La foto de inicio los presenta como galgos en las cajas antes de la carrera, alineados, expectantes y con la mirada fija en la liebre mecánica que maneja la conductora del programa. Hagan apuestas. Los contendientes se miran de reojo y se aluden solo para ganar posiciones, con la atención puesta en los patrocinadores de sus dorsales. Nada hay más esquemático y abstracto que un debate televisivo en campaña electoral; más descarnado y huero que una misa donde, por alguna razón jamás corroborada por los hechos, los fieles y aficionados esperan encontrar alguna iluminación. De las dos acepciones que ofrece el diccionario rae del término debatir –discusión y lucha-, la apropiada en este caso es la segunda, si bien es una lucha incruenta y atenida a las normas del formato televisivo, que vetan la argumentación y priman el eslogan y la consigna. Es una carrera en la que se mide, no el fuelle, la ligereza y la potencia muscular del corredor, sino  el donaire y la contundencia y oportunidad de sus ocurrencias. Los contendientes no tienen que demostrar nada, solo proclamarlo y posar con telegenia. Queda para los comentaristas la ulterior extracción de conclusiones, que en esta ocasión han sido pocas y decepcionantes, aunque siempre se puede rebañar un titular que dé satisfacción a la parroquia. Se mantiene el melancólico empate entre bloques porque constitucionalistas e independentistas operan en registros distintos, estáticos en su zona de confort, y hablan de otra cosa que no se va a producir después de las elecciones cualquiera que sea el resultado. Ni la calidad de vida del buen pueblo de los electores va a mejorar tras los comicios, como pregonan los constitucionalistas, ni habrá una república bis, como sueñan los soberanistas. Es lo que tiene convertir la política en pasto para el imaginario, el neologismo en uso más gracioso del lenguaje. Otro rasgo distingue a unos de otros. Los independentistas juegan en su campo, donde han perdido la fase eliminatoria y necesitan recuperar o mantener la posición en la tabla mientras que los constitucionalistas juegan en una liga más amplia donde también han de cosechar resultados, así que para estos últimos la liza es más bien un entrenamiento para futuras carreras. El prusés ha empequeñecido a Cataluña.

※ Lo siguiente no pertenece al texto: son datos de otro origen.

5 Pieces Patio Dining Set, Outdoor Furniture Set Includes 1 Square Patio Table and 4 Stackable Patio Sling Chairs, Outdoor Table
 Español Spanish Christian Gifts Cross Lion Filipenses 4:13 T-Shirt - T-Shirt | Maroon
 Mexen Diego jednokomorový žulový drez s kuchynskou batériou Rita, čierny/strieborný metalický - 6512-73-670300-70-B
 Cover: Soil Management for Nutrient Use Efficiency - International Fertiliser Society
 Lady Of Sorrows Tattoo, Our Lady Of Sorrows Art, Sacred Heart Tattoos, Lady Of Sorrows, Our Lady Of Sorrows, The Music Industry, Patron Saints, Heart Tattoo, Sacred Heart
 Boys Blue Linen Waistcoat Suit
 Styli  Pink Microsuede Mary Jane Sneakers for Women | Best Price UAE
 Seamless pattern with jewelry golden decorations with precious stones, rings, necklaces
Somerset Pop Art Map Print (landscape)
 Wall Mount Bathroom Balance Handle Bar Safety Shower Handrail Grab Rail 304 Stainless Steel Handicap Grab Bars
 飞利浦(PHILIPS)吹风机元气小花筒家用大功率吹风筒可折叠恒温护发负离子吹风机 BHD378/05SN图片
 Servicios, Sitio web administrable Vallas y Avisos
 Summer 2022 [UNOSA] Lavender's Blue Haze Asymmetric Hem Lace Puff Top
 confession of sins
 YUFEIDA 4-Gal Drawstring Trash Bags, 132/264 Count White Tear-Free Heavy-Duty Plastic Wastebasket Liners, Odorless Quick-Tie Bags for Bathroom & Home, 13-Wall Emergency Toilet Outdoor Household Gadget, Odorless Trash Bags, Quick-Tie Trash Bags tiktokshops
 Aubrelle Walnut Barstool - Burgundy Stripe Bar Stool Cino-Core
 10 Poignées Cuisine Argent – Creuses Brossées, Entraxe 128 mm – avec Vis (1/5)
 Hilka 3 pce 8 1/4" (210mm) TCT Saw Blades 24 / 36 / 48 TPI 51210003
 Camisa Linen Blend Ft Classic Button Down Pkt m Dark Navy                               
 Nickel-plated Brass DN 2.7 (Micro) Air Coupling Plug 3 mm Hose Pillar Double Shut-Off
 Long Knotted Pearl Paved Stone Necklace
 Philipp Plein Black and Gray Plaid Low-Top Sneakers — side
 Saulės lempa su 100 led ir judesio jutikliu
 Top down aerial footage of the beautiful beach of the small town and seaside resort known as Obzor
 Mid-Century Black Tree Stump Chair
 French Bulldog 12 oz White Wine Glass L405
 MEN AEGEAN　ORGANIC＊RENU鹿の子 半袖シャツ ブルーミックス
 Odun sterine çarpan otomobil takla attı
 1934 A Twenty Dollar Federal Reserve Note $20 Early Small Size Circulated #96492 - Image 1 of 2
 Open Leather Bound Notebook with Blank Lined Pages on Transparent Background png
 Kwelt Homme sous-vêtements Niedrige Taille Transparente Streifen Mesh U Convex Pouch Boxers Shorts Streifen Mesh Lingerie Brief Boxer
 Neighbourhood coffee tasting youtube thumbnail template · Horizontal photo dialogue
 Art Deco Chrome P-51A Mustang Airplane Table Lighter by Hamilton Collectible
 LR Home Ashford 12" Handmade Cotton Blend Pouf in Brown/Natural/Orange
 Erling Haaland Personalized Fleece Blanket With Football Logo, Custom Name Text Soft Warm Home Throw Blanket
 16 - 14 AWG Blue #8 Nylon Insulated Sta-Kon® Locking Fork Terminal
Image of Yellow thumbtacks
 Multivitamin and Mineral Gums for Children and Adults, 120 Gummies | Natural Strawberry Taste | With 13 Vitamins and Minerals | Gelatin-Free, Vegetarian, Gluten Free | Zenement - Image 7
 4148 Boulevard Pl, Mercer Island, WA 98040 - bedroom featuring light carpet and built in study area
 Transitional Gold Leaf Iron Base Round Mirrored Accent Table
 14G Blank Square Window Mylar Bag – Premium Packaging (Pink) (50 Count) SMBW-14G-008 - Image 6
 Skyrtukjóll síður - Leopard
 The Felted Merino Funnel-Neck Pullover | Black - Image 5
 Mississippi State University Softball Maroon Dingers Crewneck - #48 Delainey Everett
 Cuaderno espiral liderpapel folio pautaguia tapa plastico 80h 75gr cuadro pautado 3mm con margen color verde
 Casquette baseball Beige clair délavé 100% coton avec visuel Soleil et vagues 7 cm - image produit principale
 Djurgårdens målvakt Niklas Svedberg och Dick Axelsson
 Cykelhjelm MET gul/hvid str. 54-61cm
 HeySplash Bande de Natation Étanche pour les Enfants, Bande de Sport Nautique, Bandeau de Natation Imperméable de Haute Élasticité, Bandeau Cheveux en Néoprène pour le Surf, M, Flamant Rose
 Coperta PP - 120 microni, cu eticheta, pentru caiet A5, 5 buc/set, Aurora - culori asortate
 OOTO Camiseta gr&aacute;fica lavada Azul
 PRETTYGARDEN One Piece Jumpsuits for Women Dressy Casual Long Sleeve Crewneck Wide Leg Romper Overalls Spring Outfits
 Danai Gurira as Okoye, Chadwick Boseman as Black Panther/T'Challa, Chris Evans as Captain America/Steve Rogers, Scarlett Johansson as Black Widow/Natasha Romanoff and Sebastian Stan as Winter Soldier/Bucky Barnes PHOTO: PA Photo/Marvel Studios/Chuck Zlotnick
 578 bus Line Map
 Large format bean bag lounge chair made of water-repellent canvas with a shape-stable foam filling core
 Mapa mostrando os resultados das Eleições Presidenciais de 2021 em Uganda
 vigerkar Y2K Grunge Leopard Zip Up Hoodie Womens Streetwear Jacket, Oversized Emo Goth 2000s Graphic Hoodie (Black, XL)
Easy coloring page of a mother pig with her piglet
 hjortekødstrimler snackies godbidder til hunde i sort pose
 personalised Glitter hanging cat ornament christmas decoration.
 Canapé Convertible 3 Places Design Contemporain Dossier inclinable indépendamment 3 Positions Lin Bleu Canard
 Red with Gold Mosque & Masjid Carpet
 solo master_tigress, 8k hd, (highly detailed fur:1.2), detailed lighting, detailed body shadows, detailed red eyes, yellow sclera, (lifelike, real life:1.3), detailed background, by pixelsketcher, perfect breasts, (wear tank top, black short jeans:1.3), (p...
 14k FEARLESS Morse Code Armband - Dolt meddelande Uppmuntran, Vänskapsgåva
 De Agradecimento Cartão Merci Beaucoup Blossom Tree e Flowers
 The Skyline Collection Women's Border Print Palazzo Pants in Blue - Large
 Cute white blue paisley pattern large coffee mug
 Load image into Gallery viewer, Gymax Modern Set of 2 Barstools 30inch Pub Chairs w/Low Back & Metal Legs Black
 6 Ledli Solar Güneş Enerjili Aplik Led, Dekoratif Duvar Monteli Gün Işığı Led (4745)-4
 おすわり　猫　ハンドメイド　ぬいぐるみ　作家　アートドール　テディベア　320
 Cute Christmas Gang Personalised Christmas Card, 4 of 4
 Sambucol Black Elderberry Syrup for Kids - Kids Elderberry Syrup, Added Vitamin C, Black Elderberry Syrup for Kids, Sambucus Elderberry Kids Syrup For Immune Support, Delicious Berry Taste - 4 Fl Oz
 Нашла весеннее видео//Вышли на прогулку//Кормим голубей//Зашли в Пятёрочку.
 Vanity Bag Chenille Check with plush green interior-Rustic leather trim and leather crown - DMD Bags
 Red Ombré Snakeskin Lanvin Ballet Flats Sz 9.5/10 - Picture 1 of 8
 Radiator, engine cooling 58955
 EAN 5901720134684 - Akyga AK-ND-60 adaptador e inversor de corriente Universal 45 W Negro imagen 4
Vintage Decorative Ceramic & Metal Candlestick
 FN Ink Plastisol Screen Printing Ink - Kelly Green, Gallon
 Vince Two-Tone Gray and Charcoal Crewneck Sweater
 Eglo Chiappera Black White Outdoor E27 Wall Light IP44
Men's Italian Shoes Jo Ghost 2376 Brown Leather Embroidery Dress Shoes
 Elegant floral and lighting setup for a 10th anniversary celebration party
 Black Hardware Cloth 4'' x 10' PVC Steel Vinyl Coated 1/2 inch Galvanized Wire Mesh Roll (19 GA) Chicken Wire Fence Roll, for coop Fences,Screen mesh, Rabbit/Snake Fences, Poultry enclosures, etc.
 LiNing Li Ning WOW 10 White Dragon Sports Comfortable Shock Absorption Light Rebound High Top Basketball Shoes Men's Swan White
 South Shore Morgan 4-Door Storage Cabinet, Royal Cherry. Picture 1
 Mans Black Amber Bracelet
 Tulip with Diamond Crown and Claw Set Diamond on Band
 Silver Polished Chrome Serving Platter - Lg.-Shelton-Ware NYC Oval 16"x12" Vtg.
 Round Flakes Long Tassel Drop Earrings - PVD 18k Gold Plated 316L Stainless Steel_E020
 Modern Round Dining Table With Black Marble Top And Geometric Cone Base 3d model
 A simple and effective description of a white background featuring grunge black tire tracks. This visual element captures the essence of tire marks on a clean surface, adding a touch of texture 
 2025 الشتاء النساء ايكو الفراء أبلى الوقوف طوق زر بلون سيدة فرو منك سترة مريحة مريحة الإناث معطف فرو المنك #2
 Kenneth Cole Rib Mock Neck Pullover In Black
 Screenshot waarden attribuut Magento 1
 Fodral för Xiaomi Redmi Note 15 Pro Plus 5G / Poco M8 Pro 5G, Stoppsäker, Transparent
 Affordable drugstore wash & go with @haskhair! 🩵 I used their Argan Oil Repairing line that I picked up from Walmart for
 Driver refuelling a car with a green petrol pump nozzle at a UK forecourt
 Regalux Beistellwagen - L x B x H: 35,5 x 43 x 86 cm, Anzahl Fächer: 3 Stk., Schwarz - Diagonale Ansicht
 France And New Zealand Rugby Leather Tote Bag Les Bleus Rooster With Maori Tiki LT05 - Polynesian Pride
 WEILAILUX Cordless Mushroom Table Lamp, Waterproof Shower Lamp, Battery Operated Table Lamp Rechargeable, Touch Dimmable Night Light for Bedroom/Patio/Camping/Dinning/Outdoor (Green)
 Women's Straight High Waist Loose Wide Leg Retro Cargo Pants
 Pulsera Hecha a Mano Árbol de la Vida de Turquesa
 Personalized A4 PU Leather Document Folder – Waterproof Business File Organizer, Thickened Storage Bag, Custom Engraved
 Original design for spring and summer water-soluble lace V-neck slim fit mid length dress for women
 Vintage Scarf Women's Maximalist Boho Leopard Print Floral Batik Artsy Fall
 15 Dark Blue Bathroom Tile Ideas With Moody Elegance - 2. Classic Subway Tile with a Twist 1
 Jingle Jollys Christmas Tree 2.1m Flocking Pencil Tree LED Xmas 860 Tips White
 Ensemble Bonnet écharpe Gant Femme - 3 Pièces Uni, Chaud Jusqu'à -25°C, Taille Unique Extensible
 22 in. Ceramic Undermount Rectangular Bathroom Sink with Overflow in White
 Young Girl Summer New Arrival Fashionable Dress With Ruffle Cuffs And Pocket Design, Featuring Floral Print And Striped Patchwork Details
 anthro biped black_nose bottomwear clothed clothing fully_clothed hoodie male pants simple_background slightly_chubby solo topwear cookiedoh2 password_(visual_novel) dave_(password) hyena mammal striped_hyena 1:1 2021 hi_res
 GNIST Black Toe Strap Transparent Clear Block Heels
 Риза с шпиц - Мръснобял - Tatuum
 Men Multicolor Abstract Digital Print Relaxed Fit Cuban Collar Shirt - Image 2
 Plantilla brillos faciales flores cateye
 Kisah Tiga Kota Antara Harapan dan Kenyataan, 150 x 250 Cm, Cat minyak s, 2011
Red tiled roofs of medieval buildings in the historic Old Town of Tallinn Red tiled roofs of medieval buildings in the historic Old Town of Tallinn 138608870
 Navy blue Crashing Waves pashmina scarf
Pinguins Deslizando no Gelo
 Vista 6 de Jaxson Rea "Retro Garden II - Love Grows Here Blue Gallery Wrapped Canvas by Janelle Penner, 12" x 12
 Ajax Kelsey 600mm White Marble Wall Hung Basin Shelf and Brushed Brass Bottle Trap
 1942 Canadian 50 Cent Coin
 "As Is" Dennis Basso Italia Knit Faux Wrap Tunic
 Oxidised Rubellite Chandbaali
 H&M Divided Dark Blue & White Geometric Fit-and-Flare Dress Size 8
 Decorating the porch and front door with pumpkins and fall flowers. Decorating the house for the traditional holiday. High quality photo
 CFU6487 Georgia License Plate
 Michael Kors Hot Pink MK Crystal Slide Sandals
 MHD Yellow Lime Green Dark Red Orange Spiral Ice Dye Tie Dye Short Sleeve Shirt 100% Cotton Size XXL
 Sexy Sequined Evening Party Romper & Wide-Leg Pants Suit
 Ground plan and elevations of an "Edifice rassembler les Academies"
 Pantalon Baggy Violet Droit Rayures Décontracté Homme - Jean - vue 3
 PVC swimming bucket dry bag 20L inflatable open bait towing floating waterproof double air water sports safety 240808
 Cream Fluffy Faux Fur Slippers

Si hemos de hablar de animales políticos en la carrera, apuesto un par de euros por doña Arrimadas. Mujer en un universo de hombres, como se escenificó en el debate donde los republicanos habían sustituido a la abnegada doña Rovira por un varón no menos incompetente. La candidata ciudadana tiene rasmia y es clara e inequívoca. Su mensaje es una enmienda a la totalidad de la aventura independentista y resulta balsámico para una gran parte de la sociedad que vivió las fiestas de la estelada con ansiedad y pánico. Claro que con ese mensaje no podrá gobernar Cataluña pero ¿quién ha dicho que ese sea el objetivo? Además, la palabra gobernar esta sobrevalorada respecto a la realidad, ¿no gobernó don Puigdemont?, ¿no gobierna don Rajoy?